Город горел. Днем, в минуты затишья, даже в отдаленные, нетронутые кварталы вползали неторопливое потрескивание и шелест — звуки тропически знойного дня, звуки пожара.
Освоившись с бомбежкой, уловив ее ритм, мальчишки почти каждый день выходили в город. («Идем на чердак дежурить», — сообщали они поначалу матерям. Потом ограничивались простым: «Ма, я пошел». Родительская власть исчезла.) Они шли стеклянно хрустящими улицами, перегороженными рухнувшими столбами электросети. Иногда столбы, накренясь, повисали на собственных проводах, цеплялись за ветки деревьев — деревья лучше выносили бомбежку. В центре — коридор из горящих зданий. Жилые дома отстаивали сами жильцы, но никто не мешал гореть гигантскому недостроенному Дому Советов, финансово-экономическому институту, кинотеатрам, радиокомитету. Пожар здесь не полыхал, не рвался к небу, — он медленно съедал деревянные перегородки, назойливо дымил, оплавлял стены домов сажистым стеклянным шлаком. Горели и строительные леса недавно заложенного универмага, в котором, писали газеты, должны были работать грузовые лифты, ресторан и маленькое кафе-мороженое.
Люди не мешали пожару, и он не торопился.

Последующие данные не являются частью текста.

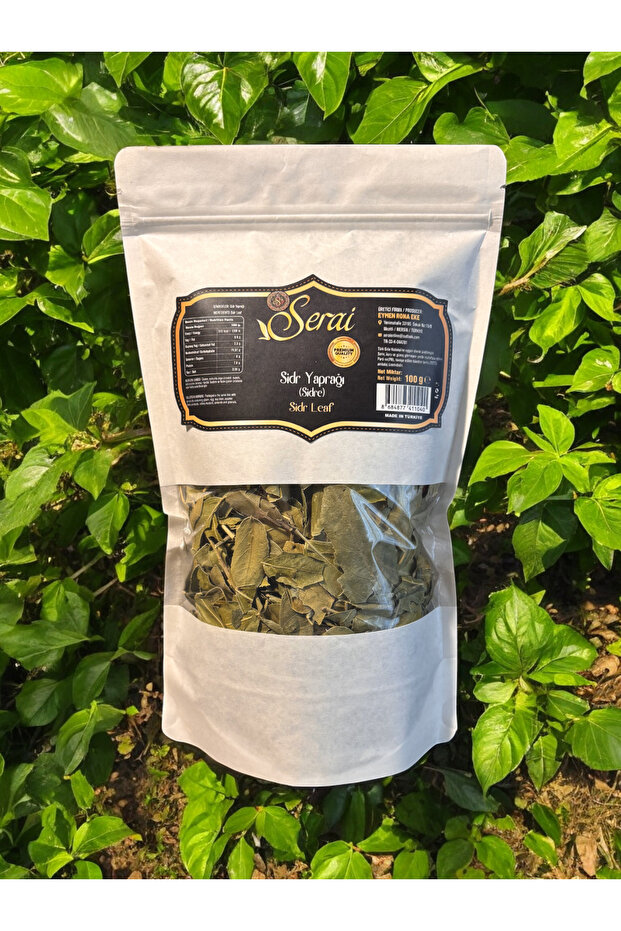 Sidr Ağacı Yaprağı - 100g - 1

Если бомбежка заставала ребят на улице, они прятались в баррикады с богатырской кирпичной грудью, которыми были перегорожены почти все улицы. Но они не сидели все время бомбежки, сжавшись в темноте. Они выбегали наружу смотреть, как отрываются от самолетов черные капли бомб. Охотились за еще теплыми осколками зенитных снарядов. Странно, это была игра, обыкновенная мальчишеская игра. И еще, конечно, желание победить страх.
Страх медленно отступал. На десятый или одиннадцатый день бомбежки Сергей вдруг подумал о себе, что он счастливец. Если его до сих пор не убило, то, наверно, и совсем не убьет. И правда, зачем в его жизни было так много любви, так много хорошего и плохого, если его должны убить? Если его должны убить, все было бы проще и грубее. Сергей никому не рассказывал об этих своих мыслях — он прекрасно понимал их «научную» ценность. Но он и не изгонял их — ведь они помогали победить страх.